• **TASK TO CARRY OUT**
Every line containing the word "Gallery" must be pulled from the records.

• **THE RECORDS**
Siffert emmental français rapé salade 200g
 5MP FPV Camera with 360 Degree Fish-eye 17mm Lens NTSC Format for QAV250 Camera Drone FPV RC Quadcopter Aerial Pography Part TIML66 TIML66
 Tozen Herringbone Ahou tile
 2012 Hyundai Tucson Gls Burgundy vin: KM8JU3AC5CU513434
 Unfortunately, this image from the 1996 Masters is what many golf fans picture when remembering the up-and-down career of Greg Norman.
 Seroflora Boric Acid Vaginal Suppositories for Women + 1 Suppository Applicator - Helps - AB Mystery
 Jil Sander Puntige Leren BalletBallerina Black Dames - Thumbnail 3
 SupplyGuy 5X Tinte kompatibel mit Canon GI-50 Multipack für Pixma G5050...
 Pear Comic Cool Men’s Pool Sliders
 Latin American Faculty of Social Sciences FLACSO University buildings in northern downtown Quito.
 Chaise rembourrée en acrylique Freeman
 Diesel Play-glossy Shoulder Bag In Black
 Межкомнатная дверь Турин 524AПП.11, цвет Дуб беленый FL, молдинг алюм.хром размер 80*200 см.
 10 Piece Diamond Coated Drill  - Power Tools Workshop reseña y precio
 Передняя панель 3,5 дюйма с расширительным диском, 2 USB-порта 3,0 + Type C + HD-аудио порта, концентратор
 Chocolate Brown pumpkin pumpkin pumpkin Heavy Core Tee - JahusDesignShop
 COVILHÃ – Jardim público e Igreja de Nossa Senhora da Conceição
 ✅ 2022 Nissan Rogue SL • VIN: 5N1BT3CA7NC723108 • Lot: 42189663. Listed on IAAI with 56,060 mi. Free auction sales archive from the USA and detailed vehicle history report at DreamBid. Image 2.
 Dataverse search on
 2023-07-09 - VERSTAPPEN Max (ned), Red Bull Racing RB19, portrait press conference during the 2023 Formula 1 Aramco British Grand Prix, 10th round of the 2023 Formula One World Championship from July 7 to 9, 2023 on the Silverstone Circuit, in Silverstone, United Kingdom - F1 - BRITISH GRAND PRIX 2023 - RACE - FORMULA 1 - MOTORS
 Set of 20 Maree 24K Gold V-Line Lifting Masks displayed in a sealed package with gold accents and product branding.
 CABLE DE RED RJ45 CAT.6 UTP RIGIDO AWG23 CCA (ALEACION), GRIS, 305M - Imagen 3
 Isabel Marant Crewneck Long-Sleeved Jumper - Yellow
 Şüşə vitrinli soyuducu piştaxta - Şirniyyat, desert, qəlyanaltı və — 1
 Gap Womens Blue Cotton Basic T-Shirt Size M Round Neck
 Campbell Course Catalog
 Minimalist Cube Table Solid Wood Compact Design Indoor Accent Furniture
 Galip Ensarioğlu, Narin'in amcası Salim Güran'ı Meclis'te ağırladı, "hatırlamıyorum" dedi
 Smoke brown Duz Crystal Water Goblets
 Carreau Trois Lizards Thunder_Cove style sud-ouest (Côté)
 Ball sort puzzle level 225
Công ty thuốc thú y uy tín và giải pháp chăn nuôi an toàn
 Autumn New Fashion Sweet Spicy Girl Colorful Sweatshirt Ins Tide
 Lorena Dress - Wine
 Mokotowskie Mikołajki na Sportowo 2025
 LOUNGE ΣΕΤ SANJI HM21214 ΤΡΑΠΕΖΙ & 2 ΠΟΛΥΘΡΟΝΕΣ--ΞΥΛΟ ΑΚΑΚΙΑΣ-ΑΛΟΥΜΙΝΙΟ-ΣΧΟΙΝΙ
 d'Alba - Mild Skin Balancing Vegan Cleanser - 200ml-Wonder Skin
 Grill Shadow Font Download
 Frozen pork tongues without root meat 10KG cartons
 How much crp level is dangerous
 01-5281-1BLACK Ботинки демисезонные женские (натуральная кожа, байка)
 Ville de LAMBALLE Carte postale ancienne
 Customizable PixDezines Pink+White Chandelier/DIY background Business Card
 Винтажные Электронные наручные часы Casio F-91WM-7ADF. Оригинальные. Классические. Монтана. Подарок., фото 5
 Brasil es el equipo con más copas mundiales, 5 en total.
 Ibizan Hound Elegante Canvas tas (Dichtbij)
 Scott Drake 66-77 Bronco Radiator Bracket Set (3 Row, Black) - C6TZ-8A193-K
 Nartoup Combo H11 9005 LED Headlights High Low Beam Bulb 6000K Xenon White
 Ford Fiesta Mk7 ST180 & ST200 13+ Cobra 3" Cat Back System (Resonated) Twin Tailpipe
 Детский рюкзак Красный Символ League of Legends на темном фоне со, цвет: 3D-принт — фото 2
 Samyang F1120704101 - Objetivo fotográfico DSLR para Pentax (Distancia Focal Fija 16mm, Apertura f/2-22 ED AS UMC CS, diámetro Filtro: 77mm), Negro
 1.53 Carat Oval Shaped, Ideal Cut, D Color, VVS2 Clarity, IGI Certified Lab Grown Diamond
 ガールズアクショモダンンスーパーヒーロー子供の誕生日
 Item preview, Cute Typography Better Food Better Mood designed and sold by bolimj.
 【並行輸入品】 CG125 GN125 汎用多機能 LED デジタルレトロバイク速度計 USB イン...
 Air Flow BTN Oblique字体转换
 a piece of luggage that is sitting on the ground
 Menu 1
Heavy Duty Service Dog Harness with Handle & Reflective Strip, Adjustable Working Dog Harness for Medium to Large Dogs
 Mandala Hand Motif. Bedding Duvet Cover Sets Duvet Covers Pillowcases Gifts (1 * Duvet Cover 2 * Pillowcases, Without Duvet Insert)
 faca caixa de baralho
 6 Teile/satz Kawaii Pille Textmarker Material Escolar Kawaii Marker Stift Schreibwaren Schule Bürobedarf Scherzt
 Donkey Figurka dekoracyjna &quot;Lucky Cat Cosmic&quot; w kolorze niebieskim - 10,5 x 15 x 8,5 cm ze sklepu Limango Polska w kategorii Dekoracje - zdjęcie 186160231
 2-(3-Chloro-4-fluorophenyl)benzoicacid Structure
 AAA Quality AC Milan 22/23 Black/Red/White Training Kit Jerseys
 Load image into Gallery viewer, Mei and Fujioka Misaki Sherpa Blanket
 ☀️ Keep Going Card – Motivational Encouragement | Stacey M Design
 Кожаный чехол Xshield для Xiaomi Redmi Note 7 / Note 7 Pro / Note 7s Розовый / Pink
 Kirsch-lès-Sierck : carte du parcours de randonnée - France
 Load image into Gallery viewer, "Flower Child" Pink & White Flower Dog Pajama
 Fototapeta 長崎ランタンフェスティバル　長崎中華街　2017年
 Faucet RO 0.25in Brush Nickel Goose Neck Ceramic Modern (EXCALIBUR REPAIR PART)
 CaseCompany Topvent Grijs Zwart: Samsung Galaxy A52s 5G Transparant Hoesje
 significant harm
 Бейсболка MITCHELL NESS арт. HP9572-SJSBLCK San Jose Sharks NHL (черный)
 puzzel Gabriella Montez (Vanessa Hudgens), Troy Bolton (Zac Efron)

• **SOLUTION FOR THIS EXERCISE**
 Load image into Gallery viewer, Mei and Fujioka Misaki Sherpa Blanket
 Load image into Gallery viewer, "Flower Child" Pink & White Flower Dog Pajama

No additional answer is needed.